**What to do**
The answer is the exact text of every line from the one that contains "Segunda Semana - Lectura PDF" to the final line of the entries below, with pictures left out.

**Data shown**

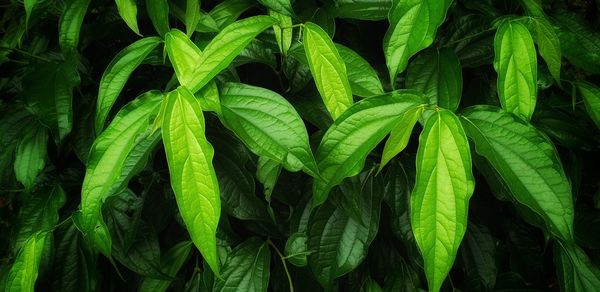 Full frame shot of fresh green leaves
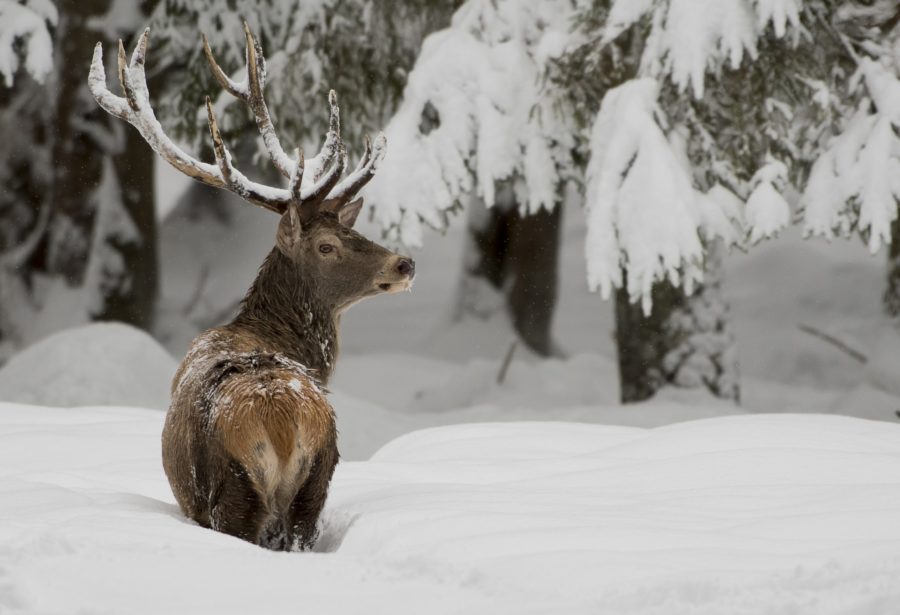 Feed the Deer with Santa this Christmas: A Winter Safari Experience on Ingram Farm…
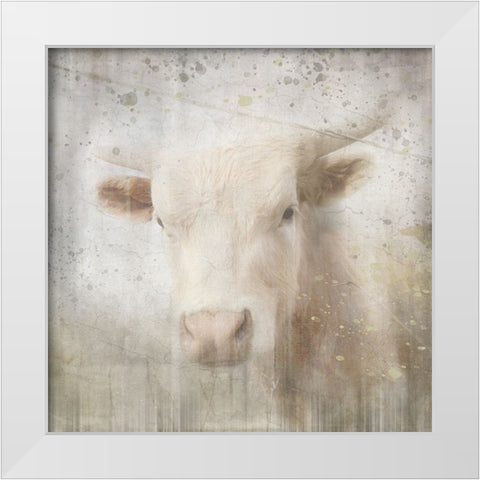 Antique Farm 07 White Modern Wood Framed Art Print by LightBoxJournal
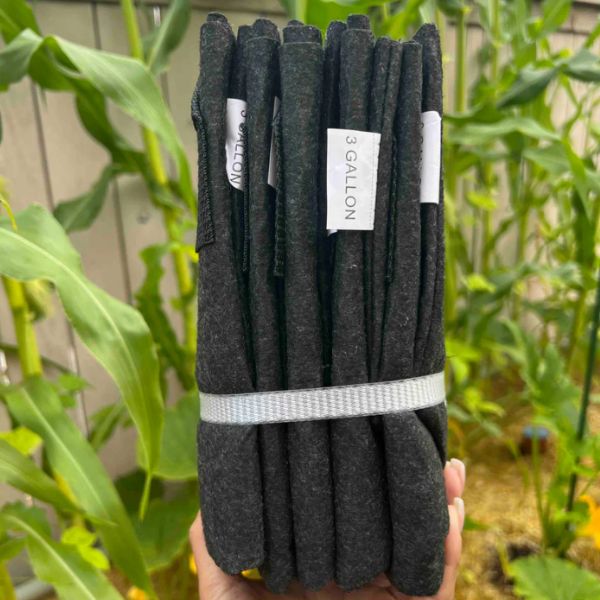 Contenedor de gusanos de tela de Meme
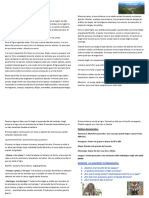 Segunda Semana - Lectura PDF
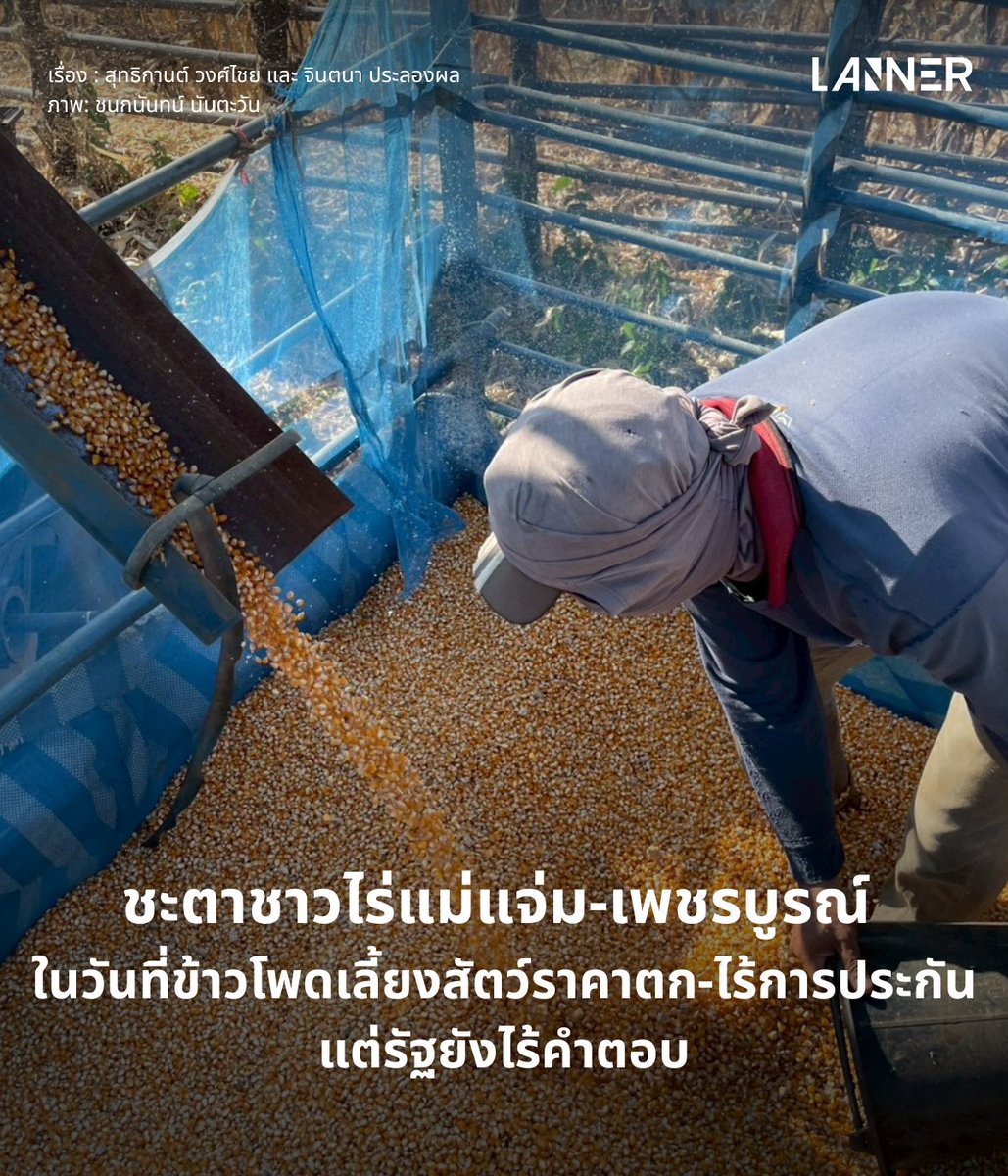 ข้าวโพดเลี้ยงสัตว์ถือเป็นพืชเศรษฐกิจสำคัญของประเทศไทย โดยเฉพาะในพื้นที่สูงของภาคเหนือ เช่น อำเภอแม่แจ่ม จังหวัดเชียงใหม่ ที่เกษตรกรปลูกข้าวโพดเพื่อขายเมล็ดให้พ่อค้าคนกลางหรือโรงงานอาหารสัตว์ทั่วประเทศ ข้อมูลจาก Rocket Media Lab ระบุว่า ปี 2567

**Exercise result**
 Segunda Semana - Lectura PDF
 ข้าวโพดเลี้ยงสัตว์ถือเป็นพืชเศรษฐกิจสำคัญของประเทศไทย โดยเฉพาะในพื้นที่สูงของภาคเหนือ เช่น อำเภอแม่แจ่ม จังหวัดเชียงใหม่ ที่เกษตรกรปลูกข้าวโพดเพื่อขายเมล็ดให้พ่อค้าคนกลางหรือโรงงานอาหารสัตว์ทั่วประเทศ ข้อมูลจาก Rocket Media Lab ระบุว่า ปี 2567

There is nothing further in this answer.